** GIVEN DATA follows **

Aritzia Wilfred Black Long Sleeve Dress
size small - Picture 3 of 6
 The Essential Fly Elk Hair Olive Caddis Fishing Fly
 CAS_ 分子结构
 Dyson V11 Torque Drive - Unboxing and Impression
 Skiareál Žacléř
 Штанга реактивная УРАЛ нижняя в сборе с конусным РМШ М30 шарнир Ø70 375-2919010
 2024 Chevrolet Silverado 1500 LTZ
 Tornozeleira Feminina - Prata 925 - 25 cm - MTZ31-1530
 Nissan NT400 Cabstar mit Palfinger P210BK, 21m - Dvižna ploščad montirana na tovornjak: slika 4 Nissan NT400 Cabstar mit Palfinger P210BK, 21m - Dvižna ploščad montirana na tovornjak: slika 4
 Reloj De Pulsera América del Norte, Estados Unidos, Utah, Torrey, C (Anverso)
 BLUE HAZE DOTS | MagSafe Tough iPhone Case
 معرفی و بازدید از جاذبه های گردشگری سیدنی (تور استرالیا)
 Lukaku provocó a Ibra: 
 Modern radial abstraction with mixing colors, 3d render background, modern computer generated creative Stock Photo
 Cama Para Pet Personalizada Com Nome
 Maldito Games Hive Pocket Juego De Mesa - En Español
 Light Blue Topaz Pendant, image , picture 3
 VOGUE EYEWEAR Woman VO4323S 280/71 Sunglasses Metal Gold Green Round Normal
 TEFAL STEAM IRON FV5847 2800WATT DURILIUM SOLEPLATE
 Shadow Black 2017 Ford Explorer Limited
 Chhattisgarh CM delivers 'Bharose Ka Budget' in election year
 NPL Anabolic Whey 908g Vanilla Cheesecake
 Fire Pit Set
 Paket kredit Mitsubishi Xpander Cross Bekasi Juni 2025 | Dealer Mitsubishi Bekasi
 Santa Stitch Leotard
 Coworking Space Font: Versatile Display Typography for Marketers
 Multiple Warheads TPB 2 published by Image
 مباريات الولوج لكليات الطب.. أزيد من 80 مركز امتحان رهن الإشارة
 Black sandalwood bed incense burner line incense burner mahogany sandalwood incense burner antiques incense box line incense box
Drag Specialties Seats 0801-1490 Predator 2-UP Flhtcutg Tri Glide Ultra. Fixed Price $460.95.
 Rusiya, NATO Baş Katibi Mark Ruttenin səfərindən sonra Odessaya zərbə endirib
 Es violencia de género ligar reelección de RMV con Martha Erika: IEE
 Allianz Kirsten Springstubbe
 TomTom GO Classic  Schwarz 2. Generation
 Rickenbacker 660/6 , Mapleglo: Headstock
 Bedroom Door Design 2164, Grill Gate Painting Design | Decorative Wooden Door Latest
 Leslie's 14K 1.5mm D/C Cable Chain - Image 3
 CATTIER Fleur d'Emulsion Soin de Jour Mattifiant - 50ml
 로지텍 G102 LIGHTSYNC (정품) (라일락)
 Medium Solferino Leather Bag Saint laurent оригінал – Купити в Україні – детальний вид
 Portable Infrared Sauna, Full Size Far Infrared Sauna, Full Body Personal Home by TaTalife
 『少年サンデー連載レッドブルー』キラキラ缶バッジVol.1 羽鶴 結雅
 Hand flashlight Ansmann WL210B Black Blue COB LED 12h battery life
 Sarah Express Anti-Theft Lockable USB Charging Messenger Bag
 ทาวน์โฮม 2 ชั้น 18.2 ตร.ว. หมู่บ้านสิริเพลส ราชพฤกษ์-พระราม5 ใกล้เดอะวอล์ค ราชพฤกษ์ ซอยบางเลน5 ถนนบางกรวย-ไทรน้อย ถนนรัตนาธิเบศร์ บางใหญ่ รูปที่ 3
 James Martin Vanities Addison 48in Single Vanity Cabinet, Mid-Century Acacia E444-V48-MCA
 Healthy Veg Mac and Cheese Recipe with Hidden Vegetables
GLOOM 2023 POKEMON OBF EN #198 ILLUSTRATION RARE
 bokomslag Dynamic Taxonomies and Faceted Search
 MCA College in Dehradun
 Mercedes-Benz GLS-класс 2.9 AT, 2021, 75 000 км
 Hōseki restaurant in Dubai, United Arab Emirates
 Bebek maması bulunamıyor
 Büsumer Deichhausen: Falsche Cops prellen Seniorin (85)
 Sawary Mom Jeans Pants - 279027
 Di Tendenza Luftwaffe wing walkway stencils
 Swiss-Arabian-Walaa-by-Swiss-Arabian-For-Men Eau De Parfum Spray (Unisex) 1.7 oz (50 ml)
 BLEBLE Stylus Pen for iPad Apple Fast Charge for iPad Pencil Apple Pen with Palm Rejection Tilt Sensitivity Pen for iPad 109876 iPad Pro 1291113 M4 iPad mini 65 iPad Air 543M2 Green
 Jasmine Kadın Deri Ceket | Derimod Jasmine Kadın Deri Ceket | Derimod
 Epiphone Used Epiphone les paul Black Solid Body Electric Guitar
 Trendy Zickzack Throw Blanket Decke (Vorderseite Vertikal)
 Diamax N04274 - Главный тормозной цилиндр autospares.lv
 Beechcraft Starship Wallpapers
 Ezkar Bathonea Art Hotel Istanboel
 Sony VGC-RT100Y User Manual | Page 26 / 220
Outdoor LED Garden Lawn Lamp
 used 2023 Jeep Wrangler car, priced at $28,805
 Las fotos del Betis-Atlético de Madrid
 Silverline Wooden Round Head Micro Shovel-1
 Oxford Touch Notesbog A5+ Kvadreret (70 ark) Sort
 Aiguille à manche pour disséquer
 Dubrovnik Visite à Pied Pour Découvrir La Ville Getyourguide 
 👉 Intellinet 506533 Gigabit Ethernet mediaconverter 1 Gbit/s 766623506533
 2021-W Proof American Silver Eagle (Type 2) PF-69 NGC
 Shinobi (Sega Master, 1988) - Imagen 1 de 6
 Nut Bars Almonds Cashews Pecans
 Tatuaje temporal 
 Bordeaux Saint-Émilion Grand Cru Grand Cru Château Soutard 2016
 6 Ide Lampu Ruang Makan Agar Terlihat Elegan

** End of GIVEN DATA **

WHAT NEEDS TO BE DONE: The answer consists of every entry, returned exactly.

THE ANSWER:
Aritzia Wilfred Black Long Sleeve Dress
size small - Picture 3 of 6
 The Essential Fly Elk Hair Olive Caddis Fishing Fly
 CAS_ 分子结构
 Dyson V11 Torque Drive - Unboxing and Impression
 Skiareál Žacléř
 Штанга реактивная УРАЛ нижняя в сборе с конусным РМШ М30 шарнир Ø70 375-2919010
 2024 Chevrolet Silverado 1500 LTZ
 Tornozeleira Feminina - Prata 925 - 25 cm - MTZ31-1530
 Nissan NT400 Cabstar mit Palfinger P210BK, 21m - Dvižna ploščad montirana na tovornjak: slika 4 Nissan NT400 Cabstar mit Palfinger P210BK, 21m - Dvižna ploščad montirana na tovornjak: slika 4
 Reloj De Pulsera América del Norte, Estados Unidos, Utah, Torrey, C (Anverso)
 BLUE HAZE DOTS | MagSafe Tough iPhone Case
 معرفی و بازدید از جاذبه های گردشگری سیدنی (تور استرالیا)
 Lukaku provocó a Ibra: 
 Modern radial abstraction with mixing colors, 3d render background, modern computer generated creative Stock Photo
 Cama Para Pet Personalizada Com Nome
 Maldito Games Hive Pocket Juego De Mesa - En Español
 Light Blue Topaz Pendant, image , picture 3
 VOGUE EYEWEAR Woman VO4323S 280/71 Sunglasses Metal Gold Green Round Normal
 TEFAL STEAM IRON FV5847 2800WATT DURILIUM SOLEPLATE
 Shadow Black 2017 Ford Explorer Limited
 Chhattisgarh CM delivers 'Bharose Ka Budget' in election year
 NPL Anabolic Whey 908g Vanilla Cheesecake
 Fire Pit Set
 Paket kredit Mitsubishi Xpander Cross Bekasi Juni 2025 | Dealer Mitsubishi Bekasi
 Santa Stitch Leotard
 Coworking Space Font: Versatile Display Typography for Marketers
 Multiple Warheads TPB 2 published by Image
 مباريات الولوج لكليات الطب.. أزيد من 80 مركز امتحان رهن الإشارة
 Black sandalwood bed incense burner line incense burner mahogany sandalwood incense burner antiques incense box line incense box
Drag Specialties Seats 0801-1490 Predator 2-UP Flhtcutg Tri Glide Ultra. Fixed Price $460.95.
 Rusiya, NATO Baş Katibi Mark Ruttenin səfərindən sonra Odessaya zərbə endirib
 Es violencia de género ligar reelección de RMV con Martha Erika: IEE
 Allianz Kirsten Springstubbe
 TomTom GO Classic  Schwarz 2. Generation
 Rickenbacker 660/6 , Mapleglo: Headstock
 Bedroom Door Design 2164, Grill Gate Painting Design | Decorative Wooden Door Latest
 Leslie's 14K 1.5mm D/C Cable Chain - Image 3
 CATTIER Fleur d'Emulsion Soin de Jour Mattifiant - 50ml
 로지텍 G102 LIGHTSYNC (정품) (라일락)
 Medium Solferino Leather Bag Saint laurent оригінал – Купити в Україні – детальний вид
 Portable Infrared Sauna, Full Size Far Infrared Sauna, Full Body Personal Home by TaTalife
 『少年サンデー連載レッドブルー』キラキラ缶バッジVol.1 羽鶴 結雅
 Hand flashlight Ansmann WL210B Black Blue COB LED 12h battery life
 Sarah Express Anti-Theft Lockable USB Charging Messenger Bag
 ทาวน์โฮม 2 ชั้น 18.2 ตร.ว. หมู่บ้านสิริเพลส ราชพฤกษ์-พระราม5 ใกล้เดอะวอล์ค ราชพฤกษ์ ซอยบางเลน5 ถนนบางกรวย-ไทรน้อย ถนนรัตนาธิเบศร์ บางใหญ่ รูปที่ 3
 James Martin Vanities Addison 48in Single Vanity Cabinet, Mid-Century Acacia E444-V48-MCA
 Healthy Veg Mac and Cheese Recipe with Hidden Vegetables
GLOOM 2023 POKEMON OBF EN #198 ILLUSTRATION RARE
 bokomslag Dynamic Taxonomies and Faceted Search
 MCA College in Dehradun
 Mercedes-Benz GLS-класс 2.9 AT, 2021, 75 000 км
 Hōseki restaurant in Dubai, United Arab Emirates
 Bebek maması bulunamıyor
 Büsumer Deichhausen: Falsche Cops prellen Seniorin (85)
 Sawary Mom Jeans Pants - 279027
 Di Tendenza Luftwaffe wing walkway stencils
 Swiss-Arabian-Walaa-by-Swiss-Arabian-For-Men Eau De Parfum Spray (Unisex) 1.7 oz (50 ml)
 BLEBLE Stylus Pen for iPad Apple Fast Charge for iPad Pencil Apple Pen with Palm Rejection Tilt Sensitivity Pen for iPad 109876 iPad Pro 1291113 M4 iPad mini 65 iPad Air 543M2 Green
 Jasmine Kadın Deri Ceket | Derimod Jasmine Kadın Deri Ceket | Derimod
 Epiphone Used Epiphone les paul Black Solid Body Electric Guitar
 Trendy Zickzack Throw Blanket Decke (Vorderseite Vertikal)
 Diamax N04274 - Главный тормозной цилиндр autospares.lv
 Beechcraft Starship Wallpapers
 Ezkar Bathonea Art Hotel Istanboel
 Sony VGC-RT100Y User Manual | Page 26 / 220
Outdoor LED Garden Lawn Lamp
 used 2023 Jeep Wrangler car, priced at $28,805
 Las fotos del Betis-Atlético de Madrid
 Silverline Wooden Round Head Micro Shovel-1
 Oxford Touch Notesbog A5+ Kvadreret (70 ark) Sort
 Aiguille à manche pour disséquer
 Dubrovnik Visite à Pied Pour Découvrir La Ville Getyourguide 
 👉 Intellinet 506533 Gigabit Ethernet mediaconverter 1 Gbit/s 766623506533
 2021-W Proof American Silver Eagle (Type 2) PF-69 NGC
 Shinobi (Sega Master, 1988) - Imagen 1 de 6
 Nut Bars Almonds Cashews Pecans
 Tatuaje temporal 
 Bordeaux Saint-Émilion Grand Cru Grand Cru Château Soutard 2016
 6 Ide Lampu Ruang Makan Agar Terlihat Elegan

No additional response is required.